== Segment start ==

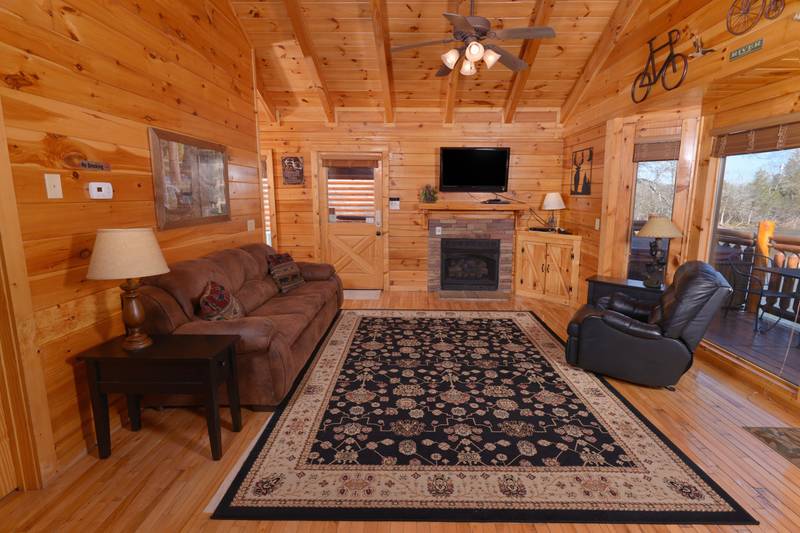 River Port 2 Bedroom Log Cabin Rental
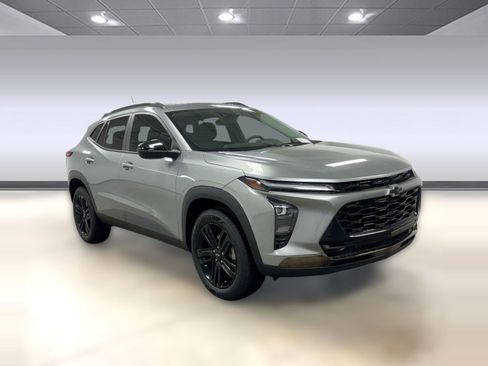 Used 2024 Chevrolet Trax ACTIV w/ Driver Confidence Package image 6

== Segment end ==
== Segment start ==

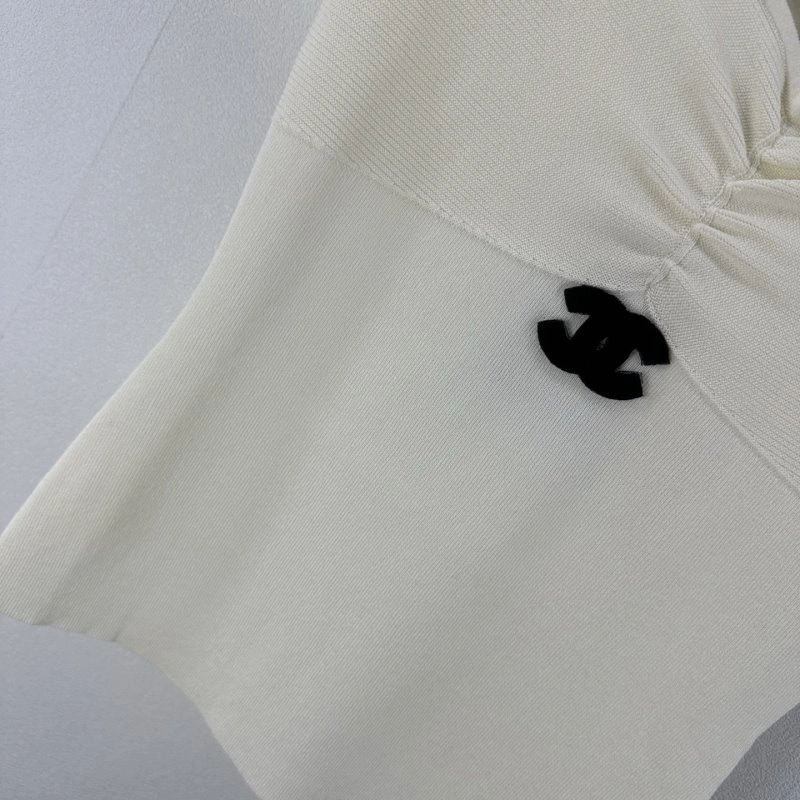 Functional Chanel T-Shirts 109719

== Segment end ==
== Segment start ==

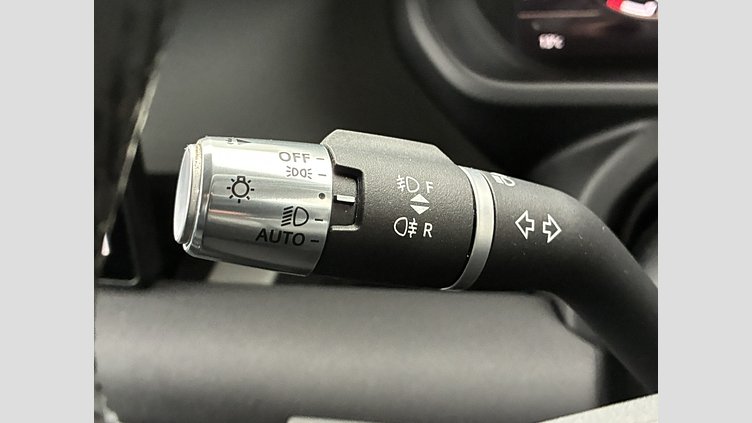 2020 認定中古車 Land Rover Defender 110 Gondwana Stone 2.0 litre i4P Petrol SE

== Segment end ==

▶ **WHAT YOU HAVE TO DO**
From the material above, give again exactly the lines from the one that contains "River Port 2 Bedroom Log Cabin Rental" through the one that contains "Used 2024 Chevrolet", and leave out the pictures.

▶ **FINISHED TASK**
 River Port 2 Bedroom Log Cabin Rental
 Used 2024 Chevrolet Trax ACTIV w/ Driver Confidence Package image 6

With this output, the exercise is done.